Aber oh weh, eine Idee musste her, um dem Junker anspruchsvoll und erhaben ihre Würdigkeit zu beweisen. Und all dies in dem erbarmungswürdigen Zustand, in dem sich die Ex-Jungfer befand. Das Thema kannte sie schließlich von den germanischen Wurzeln über die Völkerwanderungszeit, das Mittelalter, den Sturm und Drang bis zur letzten Rechtschreibreform, deren Änderungen momentan teilweise rückgängig gemacht werden sollten.

Wäre der Einfluss der Online-Kommunikation auf das geschriebene Wort ein Vorschlag, der den Junker erfreuen würde? Was ist eigentlich gutes Deutsch? Und was Sprachstil oder guter Stil? Korrekte Rechtschreibung oder angemessene Etikette? Die Ex-Jungfer zog das Näslein kraus, denn eigentlich könnte sie endlose Essays und Bücher zu dem Thema schreiben und nun sollte sie ihr gesammeltes Wissen und ihre ambivalenten Meinungen in einem klitzekleinen Text zusammenfassen?

Die Ablehnung der gängigen und so gerne genutzten Anglizismen wurde schnell von ihr verworfen, da in jedem Turmzimmer und jedem Kerker schon so viel darüber geredet wurde. Ebenso fallen ließ sie der Deppen-Apostroph, das muntere Auslassungszeichen oder neckische Häkchen, mit dem man den Ausfall eines Lautes oder einer Silbe kennzeichnen kann - oder eben auch nicht. Der Imperativ, der in der heimatlichen Gegend der Ex-Jungfer ein Fremdwort ist, wäre ein Argument, das anschaulich und ausführlich dargestellt werden könnte. Oder vielleicht doch der aussterbende Genitiv - der Kinder wegen? Gegebenenfalls könnte sie generell über die Möglichkeiten von Sprache deklamieren? Die Veränderungen der Sprache im Laufe der Jahrhunderte und warum Goethe und Kafka sicherlich Twitter nutzen würden? Oder die Etymologie des Wortes Sprache, die uns ins Mittelalter führt und eigentlich den Vorgang des Sprechens und das Vermögen zu sprechen beschreibt? Stilsünden wie Euphemismen, Schachtelsätze und Klischees wären ein ebenso reizvolles Thema wie Metaphern, die Worten Lebendigkeit einhauchen oder sie erschlagen können. 

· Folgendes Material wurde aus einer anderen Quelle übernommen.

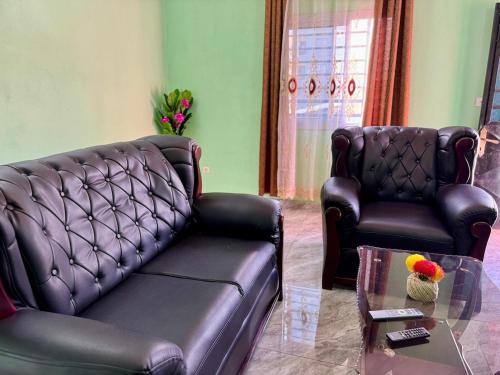 a living room with a leather couch and two chairs at Charming apartment in Yaoundé - Nkolmesseng in Yaoundé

Und so verging das vermaledeite Wochenende nur allzu rasch, die Ex-Jungfer putzte ihr rotes Näselein erneut und hoffte, der edle Junker würde sie erhören. Außerdem wart betteln noch nie ihr Ding.

wortfeilchen

PS. Ähnlichkeiten zu lebenden Personen und Orten sind halbwegs willkürlich und können sporadisch auftreten.